I'm trying to figure out the equation of a bicycle's wheel path when the front wheel is rotated by ϴ degrees. In this problem the front wheel's rotation remains fixed with respect to the bike's frame, and the rear wheel is trailing (following) the front wheel.




Instinctively, I can tell that the front wheel will be tracing a circular path, while the rear wheel will be following a smaller circle.
How does one approach a problem like this? Of course I'm willing to do my homework and reason through the hints given by the members of this forum. It's just that it's been a very long time since I've worked on something similar. I've already done some googling and came out empty handed... maybe I didn't use the proper keywords for my search.

BTW, this is not homework, this is so I can make a few calculations for a special wheel chair I'm designing for my 16 year old daughter with cerebral palsy. Thank you all in advance.

 

My instinct tells me to draw a line normal to rear wheel at its center. Draw another similar line on the front wheel.
Where the two lines intersect is the center of rotation.

 

My instinct tells me to draw a line normal to rear wheel at its center. Draw another similar line on the front wheel.
Where the two lines intersect is the center of rotation.

Take a look at figure 2 in this link... I'm not sure I understand the author's intention but apparently the problem is more complicated than it seems.

 

Found it! BUT.... Oh, My, GOD.... this problem is far more complex than I thought at first.

Here's a math document exclusively treating the problem, and a similar one explaining the same thing in a slightly different way.

 

There's an excellent reference book on this and other biking topics called "Bicycling Science". And yes, wheel path is incredibly complicated.

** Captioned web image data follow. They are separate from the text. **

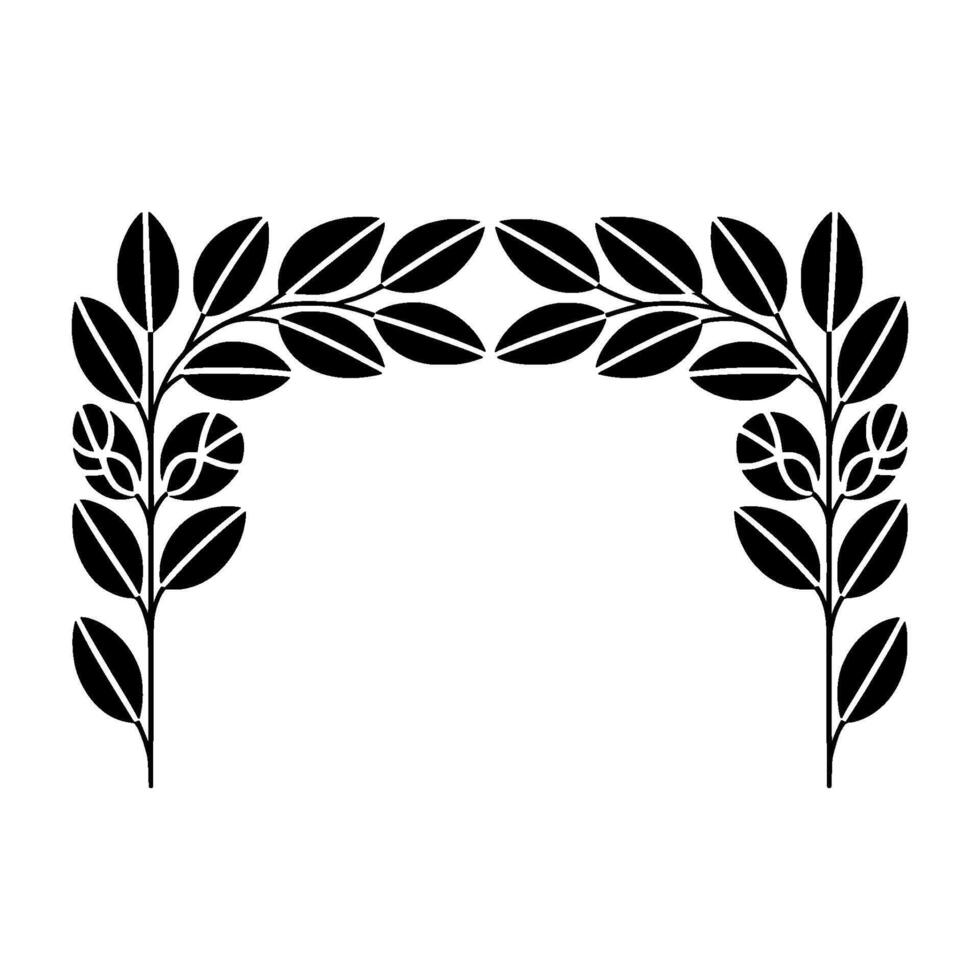 Minimalist Leaf Arch Geometric Botanical Frame vector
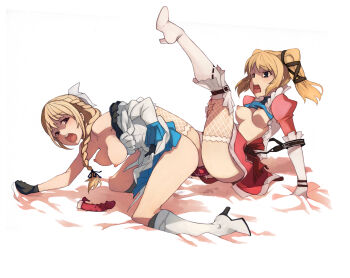 2girls blonde_hair blue_eyes blush boots braid breasts caee_penguin claire_(granado_espada) clothes_lift dildo double_dildo double_insertion elbow_gloves fishnet_legwear fishnets gloves granado_espada highres large_breasts medium_breasts multiple_girls nipples open_clothes open_mouth open_shirt sex_toy shared_object_insertion shirt shirt_lift thigh_boots thighhighs tongue tongue_out valeria_(granado_espada) yuri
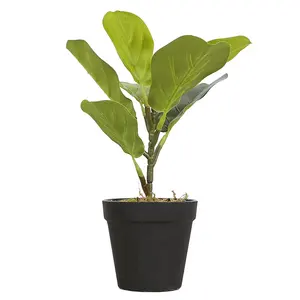 Artificial Plant Manufacturer 32cm Small Artificial Fiddle Leaf Plant Centerpiece Table Decoration Y8515-7-1PS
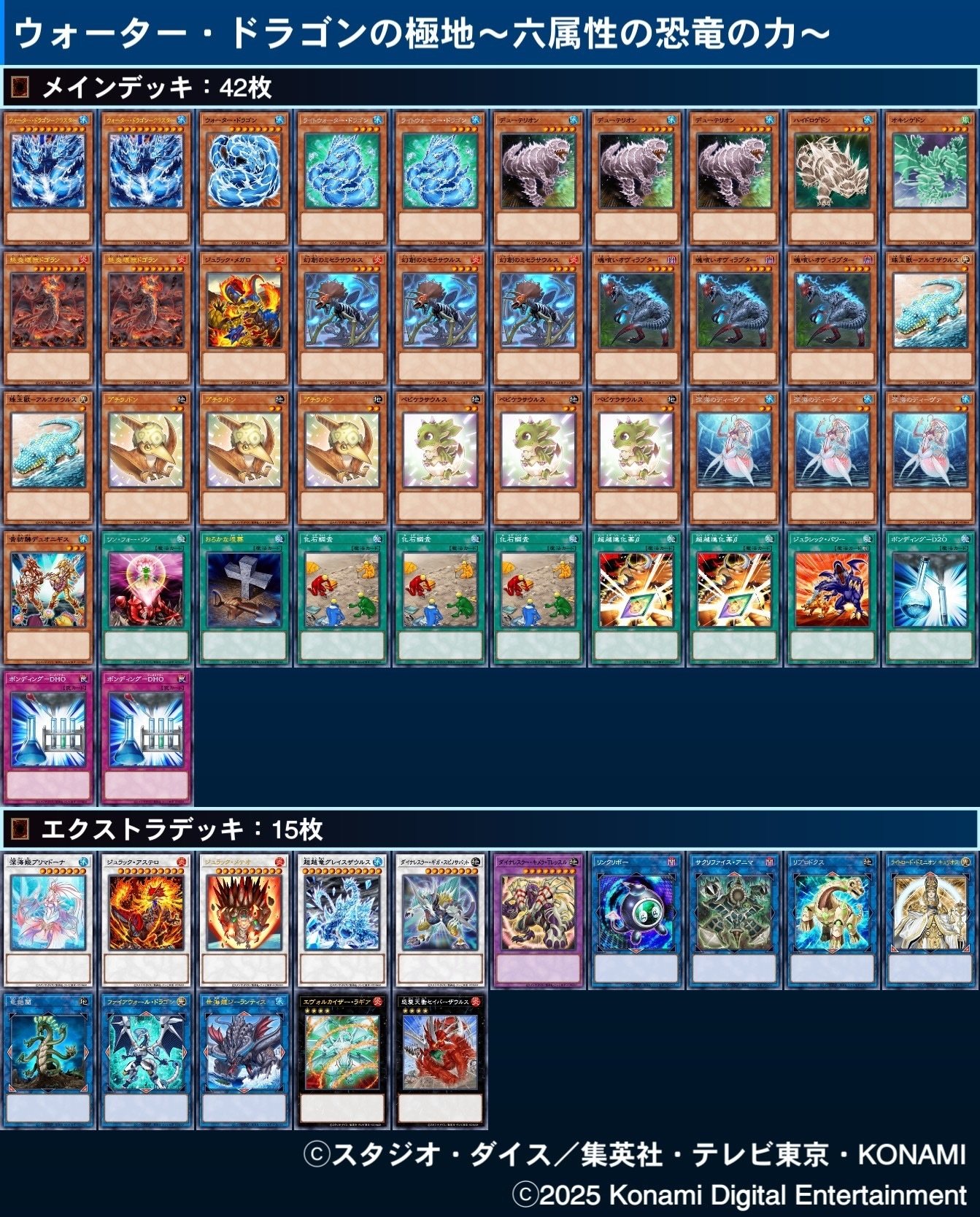 六属性の恐竜を使って相手ターンにウォータードラゴンクラスターを出す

You can ride a bike easily, but describing in detail HOW you ride a bike is almost beyond our abilities.

 

There's an excellent reference book on this and other biking topics called "Bicycling Science". And yes, wheel path is incredibly complicated.

You can ride a bike easily, but describing in detail HOW you ride a bike is almost beyond our abilities.

And this is considering only 2 dimensions, that is, as viewed from the top... I can't even begin to imagine what the math and physics looks like when one considers also a real bike's vertical tilt ...

 

Take a look at that book if you can, I found it quite interesting. Too much arcane information but that's the price you pay.

 

It is incredibly complicated. For instance, when you start a turn on a bicycle or motorcycle, you actually initially turn the handle bars the opposite direction -- known as "counter-steering" -- you don't even realize you do it and it is much more pronounced on a motorcycle. The counter-steering uses the conservation of angular momentum and the gyroscopic effects of the wheels to tilt the bike in the direction of the intended turn.

But depending on what you are doing, you can often ignore the complications and work with a much simpler model.

 

working a fire control solution is fun too. Roundish globe as the frame of ref. Ship is the second frame of ref. and firing platform is the third. firing platform is to remain stable while firing by subtracting all movement created by pitch, roll and yaw in the second frame of ref. from the first frame. then windage, barrel wear and temp., compass heading and barometer are compensated for. finally the earths spin is factored in and target elevation is found. Outcome is a shell from a five inch gun can find its way from a ship tossing in the ocean to a point within 20 meters of the target. Battleships did all of this by operators turning gears to input the data on an Analog computer for a point the target had not reached yet. its a wonder the shells ever hit anything if you look at all the data and calculations required.

 

The people that worked out stuff like this, given the tools they had at hand, were nothing short of geniuses. They understood applied engineering and applied math in ways that have largely been lost today -- at least on a broad scale.

 

It is incredibly complicated. For instance, when you start a turn on a bicycle or motorcycle, you actually initially turn the handle bars the opposite direction -- known as "counter-steering" -- you don't even realize you do it and it is much more pronounced on a motorcycle. The counter-steering uses the conservation of angular momentum and the gyroscopic effects of the wheels to tilt the bike in the direction of the intended turn.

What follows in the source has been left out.